On a fine, spring morning in 1947, a Bedouin boy went into a cave looking for forgotten treasure – and came out with rolls of rotting leather. He had no idea that these Dead Sea Scrolls would provide the world’s greatest insight into life in ancient Israel.
The scrolls include the oldest copies of the Old Testament ever found, and show that the Bible we know today is almost identical to the one studied around the time of Jesus Christ. Some of the texts are commentaries that made the Bible relevant to their own days.
These are often scathing attacks on the permissiveness of the ruling elite, or upon a world they believed had forsaken God’s ways. The texts never use the name Essenes, but refer to the Followers of the Teacher of Righteousness, or the Keepers of the New Covenant – also translated as the New Testament.
They describe a community preparing for the coming of the Messiah, who believe they are witnessing the fulfillment of all the Old Testament prophecies, who practice ritual bathing, share their wealth and conduct a daily sacred meal presided over by a priest.
Mary scholars see in this the roots of Christianity. Whether written by Essenes or not, at Qumran or not, their words carry a message as clear today as it was 2,000 years ago.

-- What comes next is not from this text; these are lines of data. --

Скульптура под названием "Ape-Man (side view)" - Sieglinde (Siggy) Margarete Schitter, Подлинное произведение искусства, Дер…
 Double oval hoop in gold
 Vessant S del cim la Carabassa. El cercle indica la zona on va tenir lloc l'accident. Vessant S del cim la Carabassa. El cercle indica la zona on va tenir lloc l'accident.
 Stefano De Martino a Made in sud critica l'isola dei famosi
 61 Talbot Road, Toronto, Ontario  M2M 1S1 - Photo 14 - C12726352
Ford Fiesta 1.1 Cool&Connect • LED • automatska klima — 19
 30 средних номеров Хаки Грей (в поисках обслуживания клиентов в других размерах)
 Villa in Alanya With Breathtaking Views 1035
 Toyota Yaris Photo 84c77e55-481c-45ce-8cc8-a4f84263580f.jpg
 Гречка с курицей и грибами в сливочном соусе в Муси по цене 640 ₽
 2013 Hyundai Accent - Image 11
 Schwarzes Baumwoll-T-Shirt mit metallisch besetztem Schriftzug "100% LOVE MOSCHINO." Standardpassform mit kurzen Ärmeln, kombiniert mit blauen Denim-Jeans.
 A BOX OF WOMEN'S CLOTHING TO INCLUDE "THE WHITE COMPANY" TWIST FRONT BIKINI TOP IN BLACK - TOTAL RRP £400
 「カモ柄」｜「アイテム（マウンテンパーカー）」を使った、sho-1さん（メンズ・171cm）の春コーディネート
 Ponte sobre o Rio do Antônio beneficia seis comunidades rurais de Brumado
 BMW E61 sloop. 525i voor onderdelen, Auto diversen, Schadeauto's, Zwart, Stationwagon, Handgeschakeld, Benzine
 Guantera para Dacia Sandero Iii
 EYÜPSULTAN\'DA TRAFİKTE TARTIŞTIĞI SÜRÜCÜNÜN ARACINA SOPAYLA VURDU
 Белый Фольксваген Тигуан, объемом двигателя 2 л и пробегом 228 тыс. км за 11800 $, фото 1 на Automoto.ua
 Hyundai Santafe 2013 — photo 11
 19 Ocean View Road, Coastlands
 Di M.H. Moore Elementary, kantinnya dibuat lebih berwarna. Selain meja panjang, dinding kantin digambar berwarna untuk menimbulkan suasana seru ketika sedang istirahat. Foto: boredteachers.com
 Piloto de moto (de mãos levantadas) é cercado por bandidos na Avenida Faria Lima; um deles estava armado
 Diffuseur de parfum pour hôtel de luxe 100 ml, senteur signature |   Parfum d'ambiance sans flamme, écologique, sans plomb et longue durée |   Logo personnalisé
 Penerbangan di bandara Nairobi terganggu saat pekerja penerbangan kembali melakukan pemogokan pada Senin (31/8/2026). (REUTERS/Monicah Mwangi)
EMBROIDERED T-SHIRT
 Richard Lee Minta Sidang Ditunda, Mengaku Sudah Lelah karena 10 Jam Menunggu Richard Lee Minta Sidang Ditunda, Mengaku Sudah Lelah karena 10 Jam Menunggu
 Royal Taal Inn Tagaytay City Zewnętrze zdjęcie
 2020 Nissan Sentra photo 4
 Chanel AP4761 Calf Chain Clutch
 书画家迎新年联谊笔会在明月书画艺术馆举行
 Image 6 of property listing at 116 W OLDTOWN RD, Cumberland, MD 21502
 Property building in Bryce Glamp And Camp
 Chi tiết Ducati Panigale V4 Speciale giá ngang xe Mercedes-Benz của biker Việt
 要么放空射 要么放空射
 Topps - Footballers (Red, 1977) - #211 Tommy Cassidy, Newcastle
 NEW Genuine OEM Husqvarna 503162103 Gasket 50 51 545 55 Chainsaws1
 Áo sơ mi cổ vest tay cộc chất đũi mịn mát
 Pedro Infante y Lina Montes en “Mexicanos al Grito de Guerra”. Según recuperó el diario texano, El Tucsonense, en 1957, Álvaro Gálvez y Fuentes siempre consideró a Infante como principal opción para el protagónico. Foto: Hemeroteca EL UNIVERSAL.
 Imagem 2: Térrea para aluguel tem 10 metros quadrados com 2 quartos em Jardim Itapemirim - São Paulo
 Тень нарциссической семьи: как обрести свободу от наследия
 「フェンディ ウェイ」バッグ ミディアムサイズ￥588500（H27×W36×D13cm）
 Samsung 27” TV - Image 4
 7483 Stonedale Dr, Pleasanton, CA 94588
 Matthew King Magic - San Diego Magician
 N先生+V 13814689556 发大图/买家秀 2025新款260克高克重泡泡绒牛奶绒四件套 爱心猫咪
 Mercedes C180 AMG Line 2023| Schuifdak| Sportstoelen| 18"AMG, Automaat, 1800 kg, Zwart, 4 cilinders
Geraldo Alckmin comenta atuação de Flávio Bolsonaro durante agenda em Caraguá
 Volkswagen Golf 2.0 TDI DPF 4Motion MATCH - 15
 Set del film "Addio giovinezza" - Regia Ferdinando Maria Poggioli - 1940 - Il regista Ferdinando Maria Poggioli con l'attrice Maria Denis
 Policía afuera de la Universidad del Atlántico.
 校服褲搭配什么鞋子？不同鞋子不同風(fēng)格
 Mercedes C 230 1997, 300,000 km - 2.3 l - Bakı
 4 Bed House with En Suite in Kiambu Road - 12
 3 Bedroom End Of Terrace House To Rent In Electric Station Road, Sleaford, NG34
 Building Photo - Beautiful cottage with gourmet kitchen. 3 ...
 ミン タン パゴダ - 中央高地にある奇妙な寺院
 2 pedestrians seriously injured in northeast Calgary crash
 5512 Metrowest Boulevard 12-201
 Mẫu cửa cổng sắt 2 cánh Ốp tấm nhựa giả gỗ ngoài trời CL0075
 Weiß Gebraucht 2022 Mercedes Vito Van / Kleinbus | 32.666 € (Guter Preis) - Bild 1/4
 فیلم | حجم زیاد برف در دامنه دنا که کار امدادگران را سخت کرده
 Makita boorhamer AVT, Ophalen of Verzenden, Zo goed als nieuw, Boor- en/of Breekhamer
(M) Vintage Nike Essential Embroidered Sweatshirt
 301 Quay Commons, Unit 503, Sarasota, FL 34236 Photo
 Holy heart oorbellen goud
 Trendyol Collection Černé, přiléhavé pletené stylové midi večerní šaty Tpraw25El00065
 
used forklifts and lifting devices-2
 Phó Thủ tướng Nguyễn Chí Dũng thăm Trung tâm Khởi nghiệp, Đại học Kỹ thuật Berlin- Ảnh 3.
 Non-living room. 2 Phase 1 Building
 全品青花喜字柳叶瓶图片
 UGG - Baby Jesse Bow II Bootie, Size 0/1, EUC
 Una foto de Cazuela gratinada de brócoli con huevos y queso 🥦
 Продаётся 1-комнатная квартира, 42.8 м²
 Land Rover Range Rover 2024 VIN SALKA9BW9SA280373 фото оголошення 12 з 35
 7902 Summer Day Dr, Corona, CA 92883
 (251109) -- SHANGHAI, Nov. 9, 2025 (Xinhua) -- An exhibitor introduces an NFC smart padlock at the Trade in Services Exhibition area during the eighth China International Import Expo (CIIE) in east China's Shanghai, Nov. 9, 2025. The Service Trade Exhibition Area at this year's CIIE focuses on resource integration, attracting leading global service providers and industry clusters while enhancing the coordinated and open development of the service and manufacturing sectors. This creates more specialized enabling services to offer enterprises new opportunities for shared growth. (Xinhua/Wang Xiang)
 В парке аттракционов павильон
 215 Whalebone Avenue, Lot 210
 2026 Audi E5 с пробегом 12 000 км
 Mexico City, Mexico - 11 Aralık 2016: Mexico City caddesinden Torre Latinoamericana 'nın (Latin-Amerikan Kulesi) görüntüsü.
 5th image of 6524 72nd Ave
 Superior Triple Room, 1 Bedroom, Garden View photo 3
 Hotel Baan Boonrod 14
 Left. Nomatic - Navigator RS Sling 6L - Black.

*Until now the spirits of truth and falsehood struggle in the hearts of men, and they walk in both wisdom and folly. According to his portion of truth so does a man hate falsehood, and according to his portion of falsehood so is he wicked and hates truth. For God has established the two spirits in equal measure until the determined end and until the Renewal.
The Community Rule-from the Dead Sea Scrolls.